A Filosofia, o Mito da Caverna e o Show de Truman

 
          Em seu famoso diálogo A República, Platão descreve pessoas que passaram a vida acorrentadas dentro de uma caverna. Da perspectiva que lhes é concedida ter, elas só conseguem ver sombras projetadas nas paredes pela luz de uma fogueira, sombras essas forjadas por outro grupo de pessoas, que circulam em volta, carregando objetos, fora do alcance da visão dos acorrentados. É com essa imagem alegórica que o filósofo ateniense demonstra que estamos suscetíveis a desenvolver ideias enganosas sobre a natureza da realidade, caso se baseiem apenas nas aparências do mundo sensível, aparências essas, por sinal, manipuláveis, arranjadas, como nos faz crer o teatro de sombras descrito no Mito da Caverna.
          A Alegoria da Caverna, como ficou conhecida a historieta, escrita há mais de 2.000 anos, guarda surpreendente semelhança com a nossa realidade cotidiana, no que tange à exposição intensiva aos meios de comunicação de massa e a sua capacidade de influenciar o modo como percebemos e julgamos todos os aspectos de nossa existência contemporânea.
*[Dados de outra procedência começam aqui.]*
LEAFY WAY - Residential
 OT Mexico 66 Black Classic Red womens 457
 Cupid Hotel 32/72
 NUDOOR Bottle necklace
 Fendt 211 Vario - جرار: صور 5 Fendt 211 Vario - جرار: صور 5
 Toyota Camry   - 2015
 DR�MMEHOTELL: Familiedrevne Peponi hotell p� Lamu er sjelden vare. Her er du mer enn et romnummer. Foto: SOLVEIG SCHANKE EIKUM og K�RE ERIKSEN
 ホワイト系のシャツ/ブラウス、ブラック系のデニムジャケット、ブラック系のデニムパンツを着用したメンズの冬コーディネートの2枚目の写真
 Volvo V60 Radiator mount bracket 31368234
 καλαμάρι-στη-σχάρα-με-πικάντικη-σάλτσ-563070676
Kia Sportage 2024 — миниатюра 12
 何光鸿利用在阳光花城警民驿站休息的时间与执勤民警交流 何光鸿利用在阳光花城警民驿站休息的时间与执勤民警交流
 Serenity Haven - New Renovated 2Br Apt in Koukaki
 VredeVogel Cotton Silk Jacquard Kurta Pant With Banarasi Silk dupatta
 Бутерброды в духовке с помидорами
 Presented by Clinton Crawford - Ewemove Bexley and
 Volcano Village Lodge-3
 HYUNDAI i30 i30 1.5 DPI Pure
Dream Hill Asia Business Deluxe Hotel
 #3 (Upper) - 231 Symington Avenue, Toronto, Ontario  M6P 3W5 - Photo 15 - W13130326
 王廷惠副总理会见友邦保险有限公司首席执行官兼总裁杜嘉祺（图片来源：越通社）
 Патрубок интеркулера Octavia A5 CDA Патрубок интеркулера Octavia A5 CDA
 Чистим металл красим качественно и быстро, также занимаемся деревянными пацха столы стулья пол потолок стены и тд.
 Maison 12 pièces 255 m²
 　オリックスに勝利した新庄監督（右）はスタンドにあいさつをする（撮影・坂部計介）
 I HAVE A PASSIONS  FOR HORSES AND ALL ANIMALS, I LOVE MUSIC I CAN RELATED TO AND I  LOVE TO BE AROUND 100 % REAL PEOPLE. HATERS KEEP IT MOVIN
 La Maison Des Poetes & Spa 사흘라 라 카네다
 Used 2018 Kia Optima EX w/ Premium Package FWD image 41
A estupenda velocidade com que atualmente nos interconectamos através desses veículos, incluindo a internet, também nos acorrenta a sombras virtuais, e embota a nossa capacidade de desenvolver um pensamento autônomo a respeito dos processos individuais e coletivos que se desenrolam à revelia de nossa vontade. Nesse teatro de sombra e luz que as telas produzem somos todos prisioneiros, aficcionados por mágicas representações da realidade, e quem comanda o show são os ilusionistas, os detentores dos meios de produção teatral.
          Como no Mito da Caverna, escapar dessa armadilha tecnológica, requer um esforço heroico, traduzido numa deliberada intenção de apagar as luzes fictícias para enxergar o que há por trás de todas as projeções veiculadas, afastando-se, num primeiro movimento, do palco principal, para explorar os bastidores e arredores. Exatamente como fez a personagem principal do filme “ O Show de Truman”, que, ao completar 30 anos, começa a notar inconsistências em seu mundo perfeito e acabado e resolve investigar o que há do lado de fora dos muros de sua própria vida. Essa atitude destemida de Truman é o papel que cabe à Filosofia explorar, despertando olhares sempre investigativos e críticos sobre as representações de mundo dominantes.